According to the alert, Kimsuky is targeting entities with malicious QR codes in a spearphishing campaign, also referred to as quishing.
“Quishing represents an emerging threat vector that exploits the inherent trust users place in QR codes, which obfuscate the destination,” explains Krishna Vishnubhotla, Vice President, Product Strategy at Zimperium. “Attackers place malicious QR codes in high-traffic areas, often disguised as legitimate promotional materials or utility services. Physical mail containing QR codes purporting to be from legitimate services, particularly effective for package delivery and financial service scams. While QR codes represent a small percentage, their unique evasion capabilities and growing adoption rates make them vectors with huge latent potential.”
Kimsuky was identified utilizing malicious QR codes throughout May and June of 2025, targeting think tank workers in multiple instances.
“The FBI advisory highlights why QR-code phishing is such an effective bypass,” Vishnubhotla asserts. “It shifts the attack onto mobile devices, where traditional email and network defenses have limited visibility. This reflects a clear mobile-first attack strategy, with groups like Kimsuky exploiting trusted QR-code workflows to drive mobile-targeted phishing, or mishing. Once scanned, users are redirected to attacker-controlled pages with little opportunity for interception. The FBI is calling this out because it signals a broader shift toward quieter, socially engineered mobile attacks that evade perimeter-based security.”
The published FBI alert provides recommendations for mitigation, particularly for “NGOs, think tanks, academia, and other foreign policy experts with a nexus to North Korea.”
Recommendations include, but are not limited to:
- Educate employees through security training programs
- Confirm QR code sources via secondary means (for instance, contacting the sender directly)

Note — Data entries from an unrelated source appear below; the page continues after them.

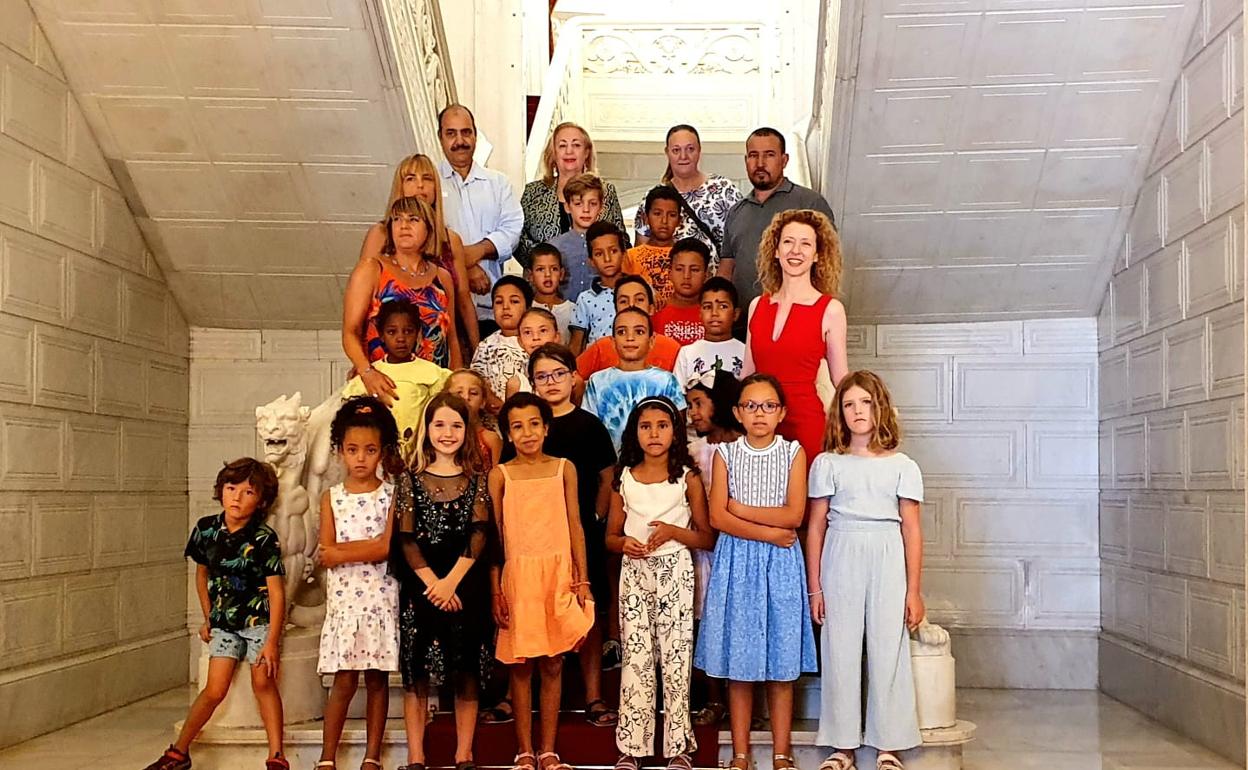 Fotografía de familia de los niños en el zaguán del Ayuntamiento.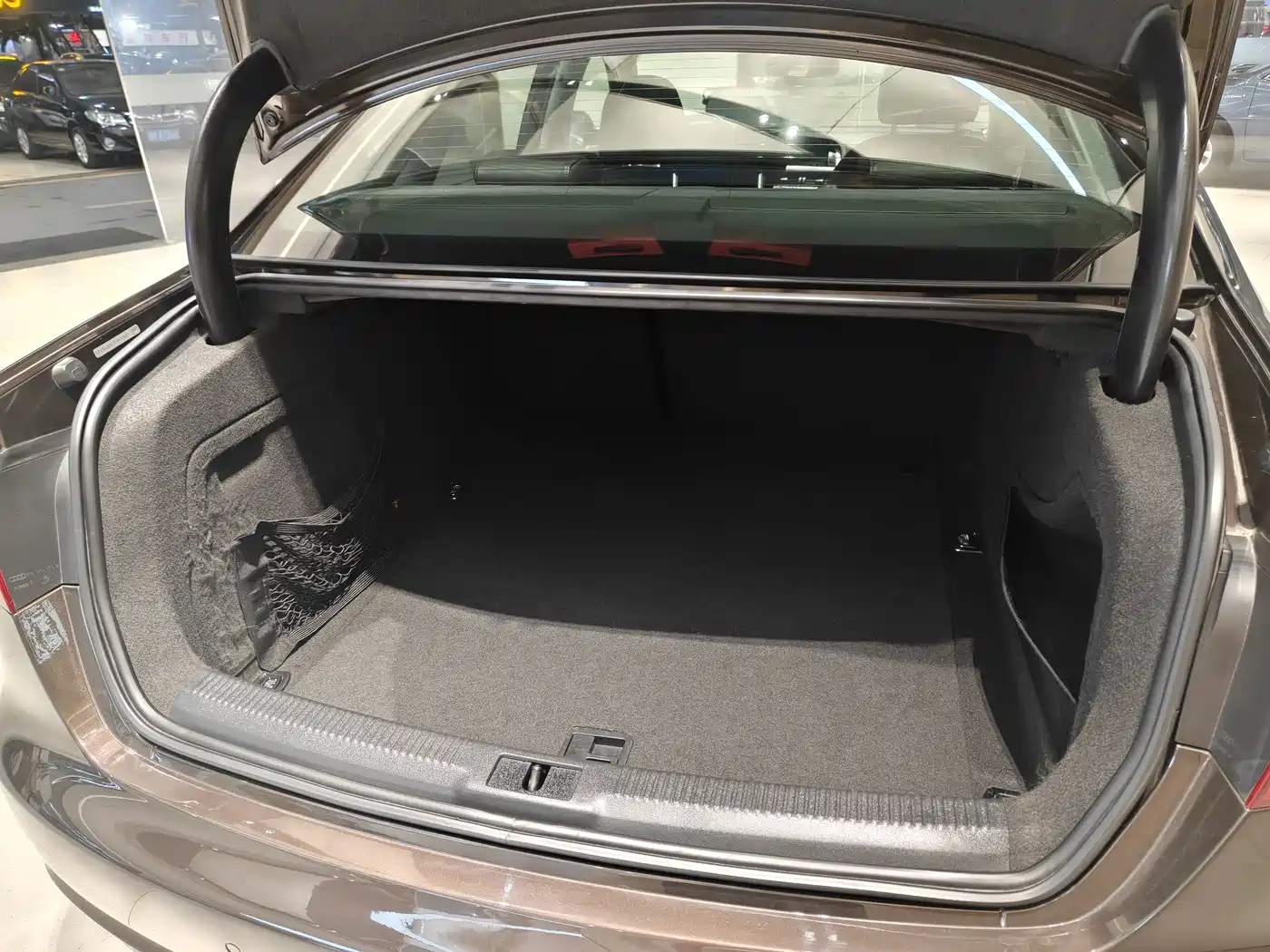 Audi A4L 2015 35 TFSI Auto Standard фото 11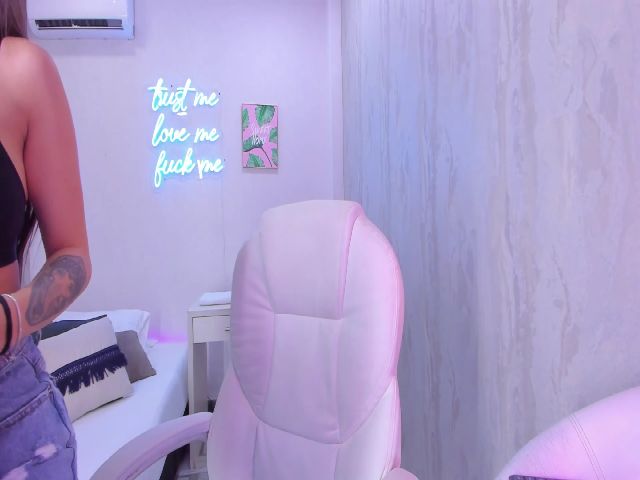 Live sex webcam photo for VictoriaMilan #268670636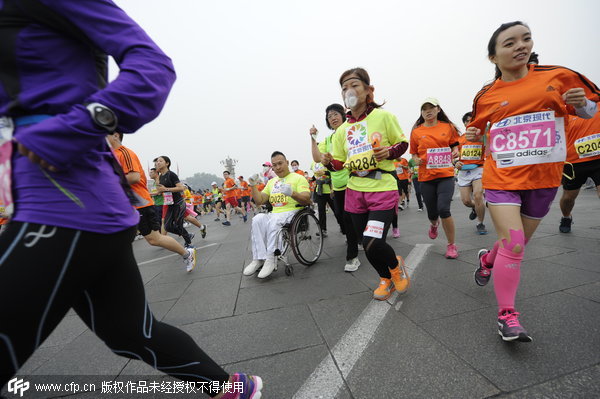 Beijing Marathon kicks off in haze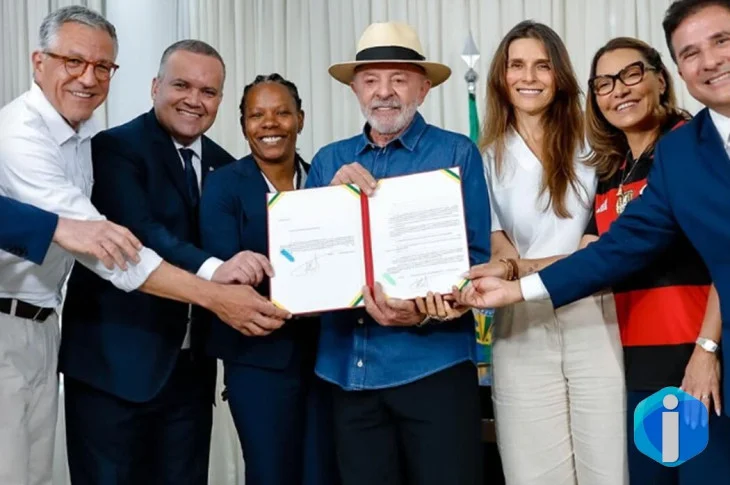 Lula sanciona  lei de incentivo ao desenvolvimento do futebol feminino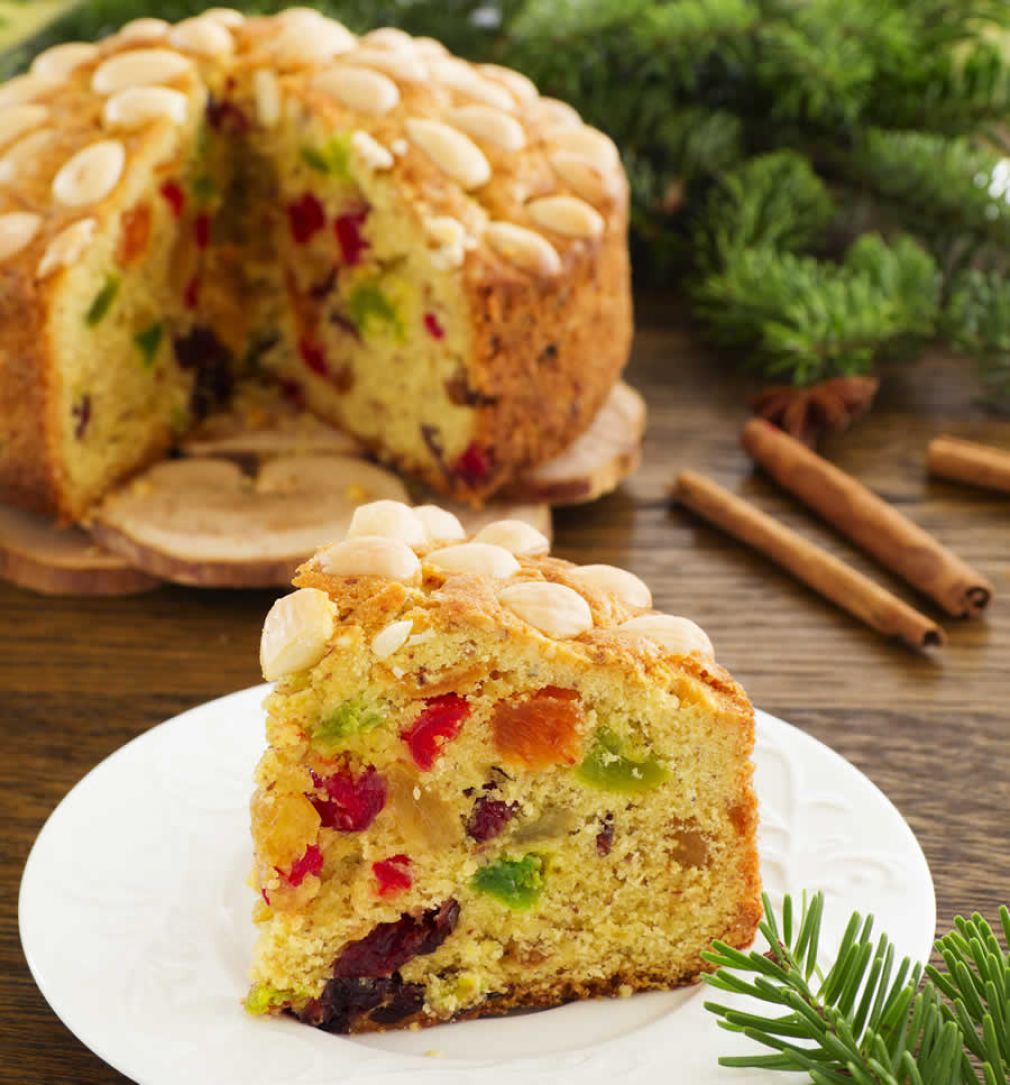 Bolo com frutas cristalizadas do Divino Fog&atilde;o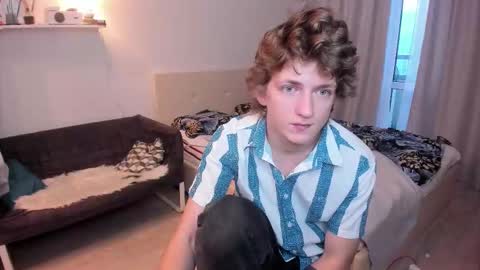 Dimoooooon online show from 11/15/25, 07:49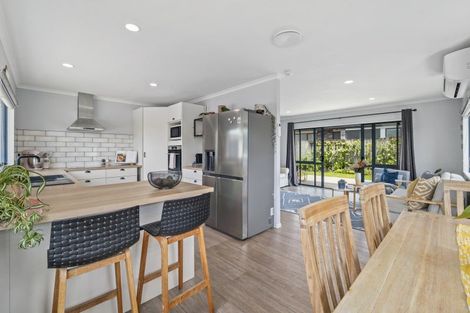 Photo of property in 17 Edward Payton Grove, Pukehangi, Rotorua, 3015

- Implement clear processes for reporting phishing attempts
- Utilize endpoint security solutions or mobile device management (MDM) solutions
- Patch known vulnerabilities
“The shift toward mobile-targeted phishing attacks is a clear signal that organizations must rethink their security strategies in the age of hybrid and remote work with employees using a variety of devices,” says Darren Guccione, CEO and Co-Founder at Keeper Security. “Attackers are increasingly exploiting mobile-first communication channels — SMS, QR codes and mobile-optimized phishing sites — to bypass traditional email security controls. The rise in device-aware phishing campaigns, where malicious content is only served to mobile users, makes detection even more challenging.
“To counter this, organizations need a comprehensive security approach that extends beyond desktop protections. This includes mobile threat defense, phishing-resistant MFA, clear Bring Your Own Device (BYOD) policies and a strong password management strategy to mitigate credential-based attacks. Security teams must also prioritize user education, ensuring employees recognize mobile-specific threats, such as smishing and quishing. With mobile phishing attacks on the rise, organizations that proactively secure their mobile environments will significantly reduce their overall risk exposure.”